Streptomycin is a water-soluble aminoglycoside derived from Streptomyces griseus. Aminoglycosides work by binding to the bacterial 30S ribosomal subunit, causing misreading of t-RNA, leaving the bacterium unable to synthesize proteins vital to its growth. Aminoglycosides are useful primarily in infections involving aerobic, Gram-negative bacteria, such as Pseudomonas, Acinetobacter, and Enterobacter. In addition, some mycobacteria, including the bacteria that cause tuberculosis, are susceptible to aminoglycosides. Infections caused by Gram-positive bacteria can also be treated with aminoglycosides, but other types of antibiotics are more potent and less damaging to the host. In the past the aminoglycosides have been used in conjunction with penicillin-related antibiotics in streptococcal infections for their synergistic effects, particularly in endocarditis. Aminoglycosides are mostly ineffective against anaerobic bacteria, fungi and viruses.
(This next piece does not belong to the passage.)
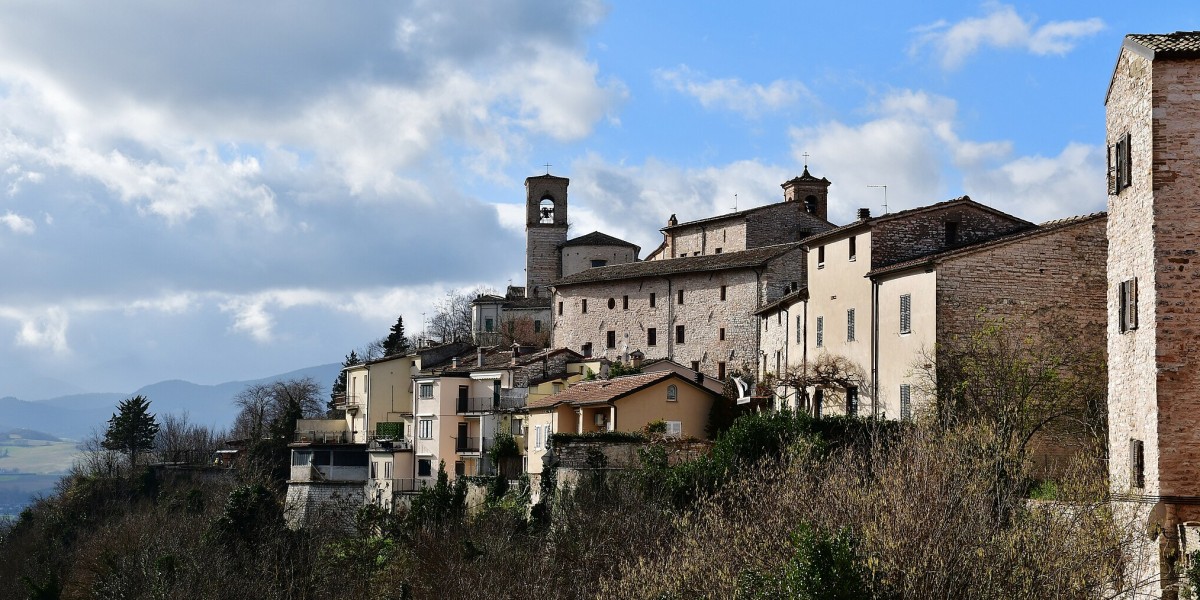 Borghi più belli d'Italia nelle Marche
Aminoglycosides like Streptomycin "irreversibly" bind to specific 30S-subunit proteins and 16S rRNA. Specifically Streptomycin binds to four nucleotides of 16S rRNA and a single amino acid of protein S12. This interferes with decoding site in the vicinity of nucleotide 1400 in 16S rRNA of 30S subunit. This region interacts with the wobble base in the anticodon of tRNA. This leads to interference with the initiation complex, misreading of mRNA so incorrect amino acids are inserted into the polypeptide leading to nonfunctional or toxic peptides and the breakup of polysomes into nonfunctional monosomes. Streptomycin is indicated for the treatment of tuberculosis. May also be used in combination with other drugs to treat tularemia (Francisella tularensis), plague (Yersia pestis), severe M. avium complex, brucellosis, and enterococcal endocarditis (e.g. E. faecalis, E. faecium).